At the second High-Level Meeting, at Nairobi in 2016, the participants formally affirmed and clarified GPECD's relevance under the 2030 Agenda for Sustainable Development (the Sustainable Development Goals having replaced the Millennium Development Goals the previous year). GPEDC reframed its mandate in terms of contributing to the 2030 Agenda, and pledged to report to the UN High-Level Political Forum on Sustainable Development (HLPF) on its contributions in this regard, especially regarding the monitoring of SDG Goal 17 Indicator 16.

The outcome document also affirmed the importance of GPEDC's monitoring framework, acknowledged a need to "refine" it, and annexed a summary of the 2016 findings, but was later criticised for not sufficiently upholding the principle of adhering to clear and time-bound commitments.

The meeting was attended by over four thousand people from more than 150 countries, but very few government ministers. The BRICS countries were even more sparsely represented than in the 2014 Mexico meeting.
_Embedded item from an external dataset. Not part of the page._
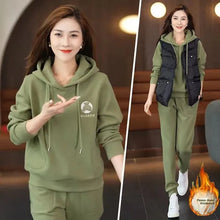Load image into Gallery viewer, Autumn and Winter Hooded Sweatshirt suit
Signs were visible in the outcome document that GPEDC had given up trying to accommodate these countries with a separate role – involving clear differentiated commitments – for Southern providers of development cooperation.

=== Later history ===
A further monitoring round took place in 2018, incorporating the same indicators as previously, though without reference to the 2015 targets. It showed a mixed picture of improvements and regressions. Regarding the new monitoring of SDG Indicator 17.16, it found that 45% countries "reported progress towards inclusive, transparent and accountable multi-stakeholder partnerships". The 2018 monitoring round revealed significant progress among participants in strengthening national development planning, and that overall mutual accountability mechanisms in developing countries are becoming more inclusive. However, the monitoring results highlighted a decline in donor countries’ alignment to developing countries’ priorities and results frameworks; moreover, the forward visibility of development cooperation was decreasing. Civil society organisations were also found to be experiencing a deterioration in the conditions and overall environment for them to operate and contribute to development. The report suggested that improving the quality of public-private dialogue in developing countries required increased capacity, strengthened relevance and the inclusion of a wide range of private sector actors.
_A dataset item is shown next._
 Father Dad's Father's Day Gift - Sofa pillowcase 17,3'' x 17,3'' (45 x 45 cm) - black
A "Senior Level Meeting" of GPEDC was held in the margins of an HLPF meeting in New York, July 2019. It celebrated GPEDC's creation of a Knowledge Sharing Platform and compendium of good practices, and also the establishment of a Business Leaders' Caucus and a set of "Principles for Effective Private Sector Engagement" (the "Kampala Principles"). The co-chairs acknowledged the "mixed picture" of the monitoring results and "lack of progress in the 'unfinished business' agenda" (i.e. meeting the commitments made by the 2005 Paris Declaration and subsequent high-level meetings). They encouraged proposals for reviewing GPEDC's monitoring function, and creating a Global Action Plan in time for the Third High Level Meeting.

In May 2020, the Steering Committee launched a Work Plan for 2020-2022 (the period leading up to the envisaged Third High Level Meeting of GPEDC, and the mid-point review of the 2015-2030 Sustainable Development effort). The Work Plan has three main priorities: to demonstrate that the effectiveness principles really produce an impact; to deepen the practice of "partnerships"; and to reform GPEDC's monitoring processes. The last of these means that GPEDC monitoring is suspended for 2020-2022 while a new framework is developed with a view to adoption at the 2022 High Level Meeting.